CourtU.S. District Court — District of Delaware

Charles S. Crompton, Jr. and Richard E. Poole of Potter, Anderson & Corroon, Wilmington, Del., Donald B. Craven, Mark L. Evans, Robert K. Huffman and James P. Tuite of Miller & Chevalier, Washington, D. C., and David M. Francis, Houston, Tex., for plaintiff.

James W. Garvin, Jr., U. S. Atty., Peggy L. Ableman, Asst. U. S. Atty., Wilmington, Del., John C. Keeney, Acting Asst. Atty. Gen., Lawrence Lippe, Benjamin C. Flannagan, IV and Daniel Friedman, U. S. Dept. of Justice, Washington, D. C., for United States Dept. of Justice.

James W. Garvin, Jr., U. S. Atty., Peggy L. Ableman, Asst. U. S. Atty., Wilmington, Del., Alice Daniel, Asst. Atty. Gen., Larry P. Ellsworth and S. Lamont Bossard, Jr., U. S. Dept. of Energy, Paul M. Geier and William L. Fang, Washington, D. C., for defendant United States Dept. of Energy.

MEMORANDUM OPINION

LATCHUM, Chief Judge.

This case raises issues concerning the scope of Exemptions Five and Seven to the general disclosure requirements of the Freedom of Information Act ("FOIA"), 5 U.S.C. § 552 (1976). The Court has jurisdiction, pursuant to 5 U.S.C. § 552(a)(4)(B), to make a de novo review of two agencies' decisions to withhold documents from plaintiff Conoco, Inc. ("Conoco").

Plaintiff Conoco filed written requests with defendants Department of Energy ("DOE") and the Department of Justice seeking access of all documents relevant in a criminal investigation conducted by the agencies. Both agencies have refused to honor all of Conoco's requests, contending that portions of the investigatory file are exempt from disclosure under two provisions of 5 U.S.C. § 552(b). There being no material facts in issue, the parties have filed cross motions for summary judgment pursuant to Rule 56, F.R.Civ.P. This Court finds that all but one of the documents are exempt from disclosure under the FOIA. Accordingly, this Court denies Conoco's Motion for Summary Judgment against the DOE and grants DOE's Cross Motion. It grants Conoco's Motion for Summary Judgment against the Department of Justice as to one document, but denies it to the other six documents.
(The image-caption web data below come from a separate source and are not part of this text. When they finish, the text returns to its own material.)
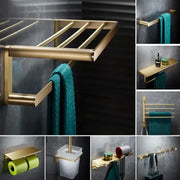 Modern brushed gold brass bath hardware set featuring a sleek towel rack with multiple horizontal bars for towels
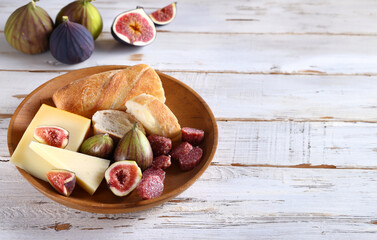 baguette with cheese and fresh fruit for snack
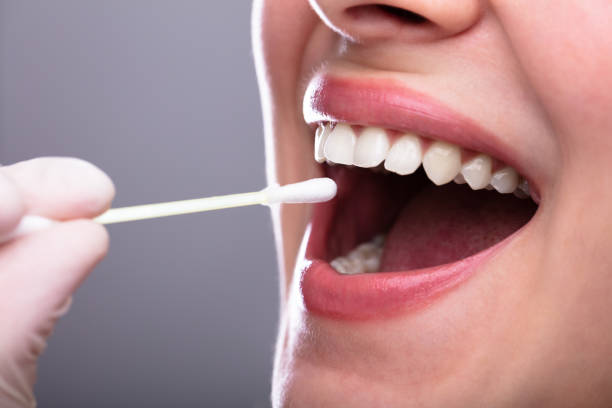 istock Dentist's Hand Taking Saliva Test From Woman's Mouth 1141353787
Finally, this Court grants the Department of Justice's Cross Motion against Conoco as to six of the seven documents and denies it for the seventh.

I. BACKGROUND
A. The Department of Justice and DOE's Investigation of Conoco.
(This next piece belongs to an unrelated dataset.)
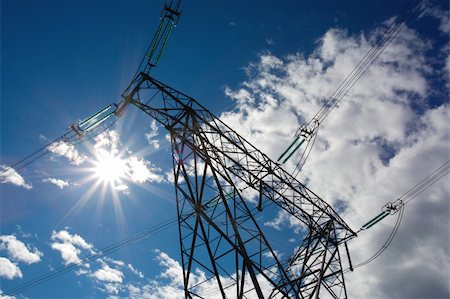 skylight (artist) - Electricity power transmission tower with sun and clouds Stock Photo - Budget Royalty-Free & Subscription, Code: 400-05281578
On March 17, 1977, DOE's predecessor agency, the Federal Energy Administration ("FEA"), instituted an investigation after Conoco revealed to FEA that its own internal investigation had led to information suggesting that during 1973 and 1974 certain of its employees had participated in a scheme to circumvent petroleum price controls originally promulgated by the Cost of Living Council. DOE's investigation resulted in the referral of the case in July, 1977, to the Department of Justice for criminal prosecution. That prosecution resulted in a federal grand jury's returning indictments on August 11, 1978, against Conoco and two of its corporate customers on charges of making false record entries under 18 U.S.C. § 1001 (1976) and intentionally selling and buying oil at prices in excess of those permitted by the price regulations. On August 11, 1978, Conoco entered pleas of nolo contendere to one felony and one misdemeanor count and was fined $15,000. United States of America v. Continental Oil Co., Criminal Action No. H-78-126 (S.D.Texas). Conoco further agreed in a consent order to repay two million dollars in alleged overcharges as well as to pay civil penalties of $985,000.

B. Conoco's Request Pursuant to the FOIA.
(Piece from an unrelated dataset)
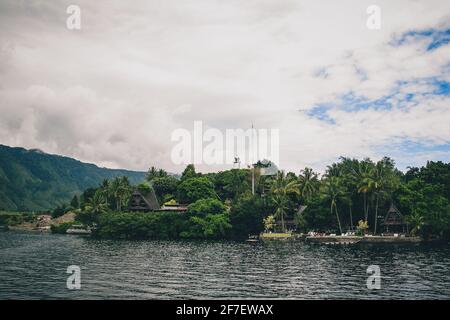 Island of Samosir on the lake of Toba, on northern Sumatra, Visible typical houses on the island on a cloudy day. Stock Photo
On March 23, 1979, Conoco filed a written request seeking access to, and copies of, all documents in DOE's possession that related to the investigation by DOE and the Department of Justice of Conoco's sales of refined petroleum products to two resellers. On April 2, 1979, DOE acknowledged receipt of Conoco's request, but did not respond to the request until October 25 and November 5, 1979. On these latter dates DOE provided Conoco with indices of approximately 125 documents or portions thereof that DOE claimed were exempt from disclosure. DOE thereafter revised its index on August 15, 1980. On October 22, 1980, Conoco instituted action in this Court seeking disclosure of those documents.1 On January 15, 1981, DOE again revised its index. Conoco presently is challenging the DOE's withholding of the twenty-seven documents in its possession.2

On July 31, 1980, Conoco filed a written request with the Criminal Division of the Department of Justice requesting access to, and copies of, all documents in the Criminal Division's possession that related to the Justice Department's investigation of Conoco's sales refined petroleum products to two resellers. Conoco received no response to its request and subsequently, on August 25, 1980, brought suit against the Department of Justice in this Court seeking an order requiring the Department to produce the requested documents.3 On September 24, 1980, the Department identified 13 documents as responsive. The Department released six of these documents, but withheld the seven remaining documents.4 It is these latter seven documents that Conoco now seeks. Conoco's actions against the governmental agencies were consolidated for purpose of oral argument.

II. DISCLOSURE UNDER FOIA

The basic principles of the FOIA are well established. Congress enacted the Act for the express purpose of increasing disclosure of government records. The statute reflects "a general philosophy of full agency disclosure" and protects the public's right to know the operations of its government. H.Rep.No.1497, 89th Cong., 2nd Sess. 6 (1966), quoted in EPA v. Mink, 410 U.S. 73, 80 n. 6, 93 S.Ct. 827, 832-33 n.6, 35 L.Ed.2d 119 (1973). It was designed "to pierce the veil of administrative secrecy and to open agency action to the light of public scrutiny." Rose v. Department of Air Force, 495 F.2d 261, 263 (C.A.2, 1974), aff'd, 425 U.S. 352, 96 S.Ct. 1592, 48 L.Ed.2d 11 (1976). Government files, therefore, must be provided to the public on request unless there are compelling reasons for nondisclosure. Founding Church of Scientology of Washington D.C. v. Bell, 603 F.2d 945, 949 (C.A. D.C.1979).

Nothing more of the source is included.